Your instructions:
Starting with the line that contains "Microphone Rode Wireless Pro" and stopping after the line that contains "Купити моторне мастило", copy the entries below exactly. Include nothing else.

Data records:
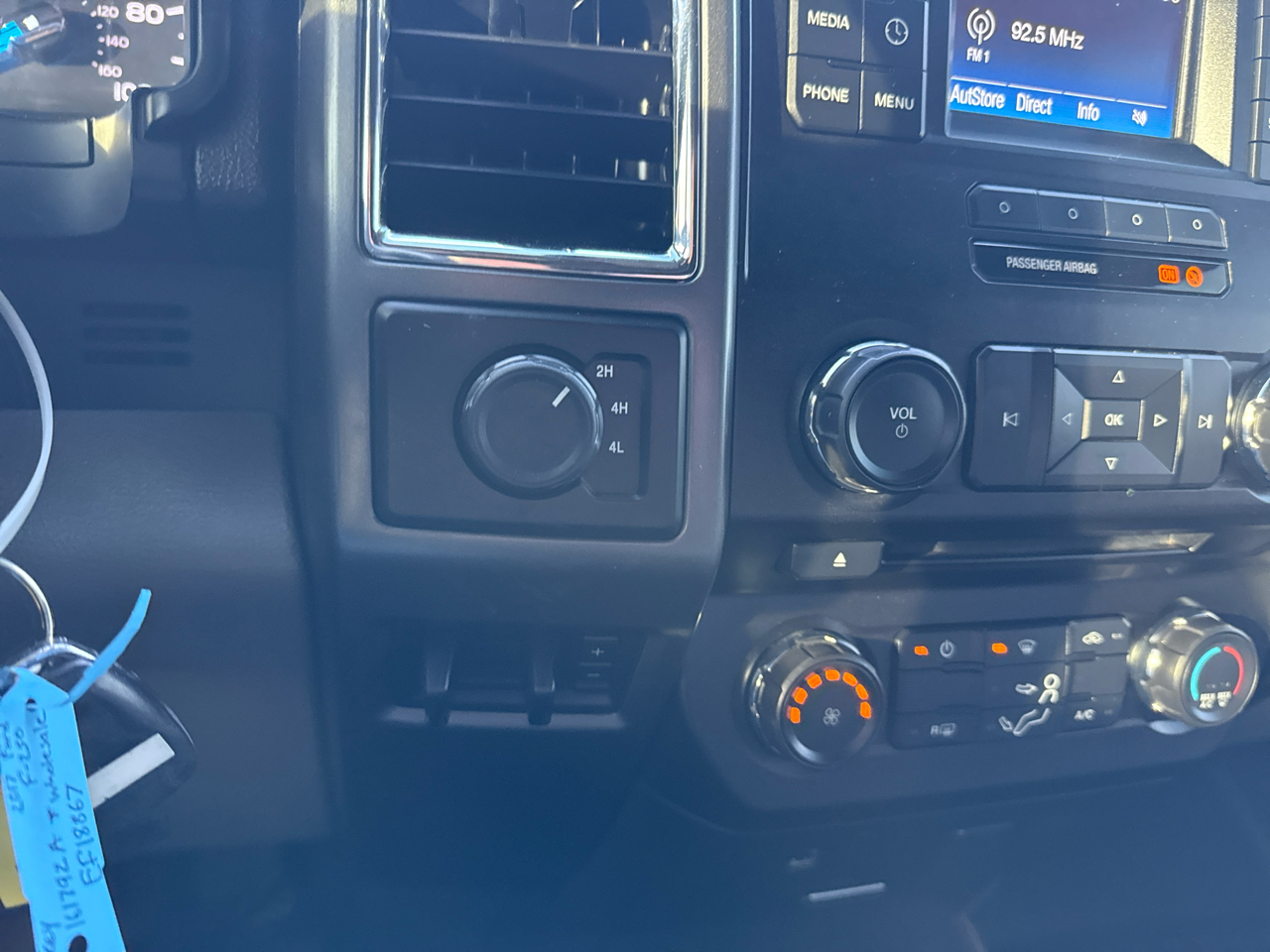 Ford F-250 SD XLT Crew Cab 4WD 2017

--

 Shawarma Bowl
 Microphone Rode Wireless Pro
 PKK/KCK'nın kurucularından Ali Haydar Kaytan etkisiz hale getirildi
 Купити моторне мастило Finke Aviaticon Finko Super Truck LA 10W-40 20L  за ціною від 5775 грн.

==

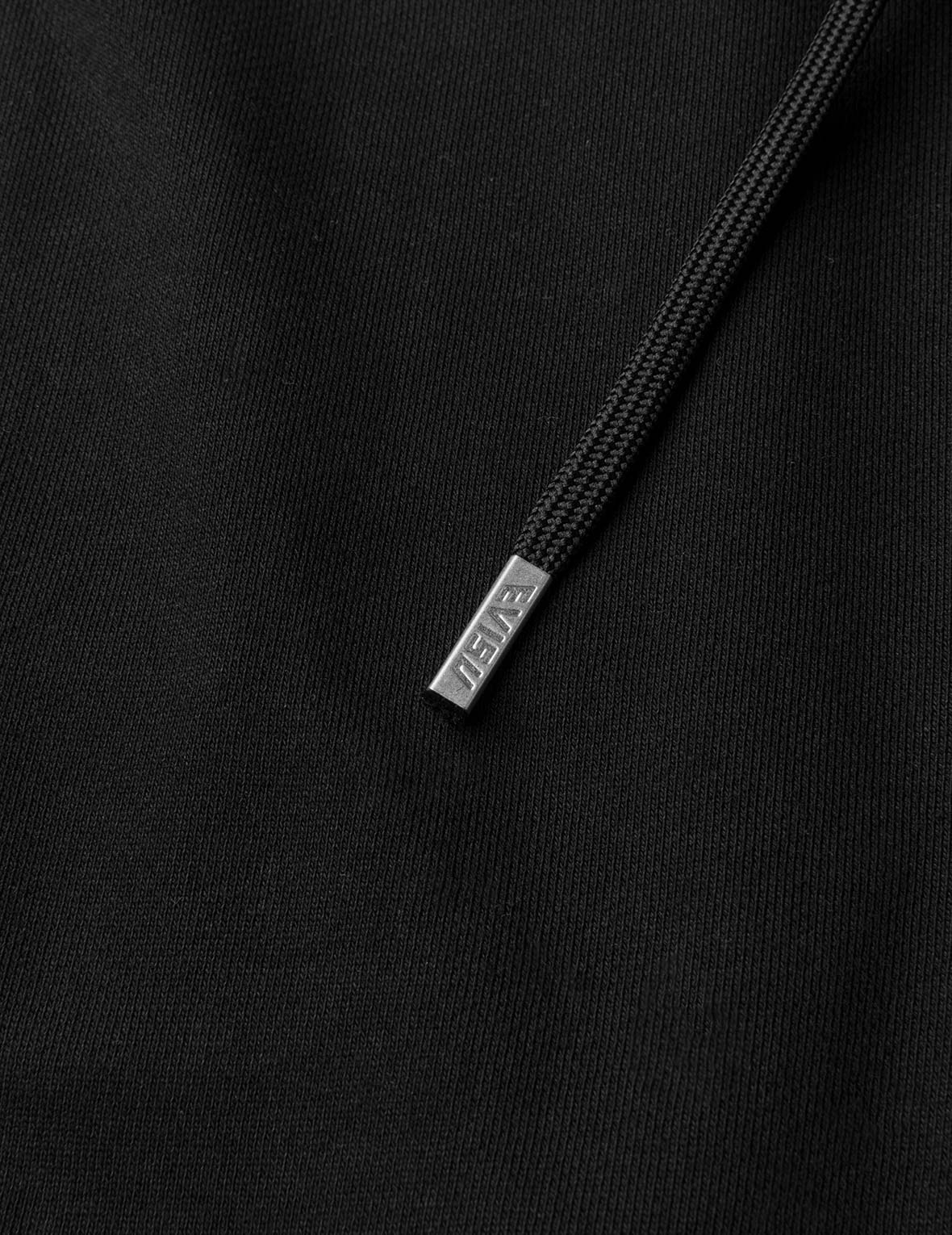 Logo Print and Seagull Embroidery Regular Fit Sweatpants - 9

Problem solution:
 Microphone Rode Wireless Pro
 PKK/KCK'nın kurucularından Ali Haydar Kaytan etkisiz hale getirildi
 Купити моторне мастило Finke Aviaticon Finko Super Truck LA 10W-40 20L  за ціною від 5775 грн.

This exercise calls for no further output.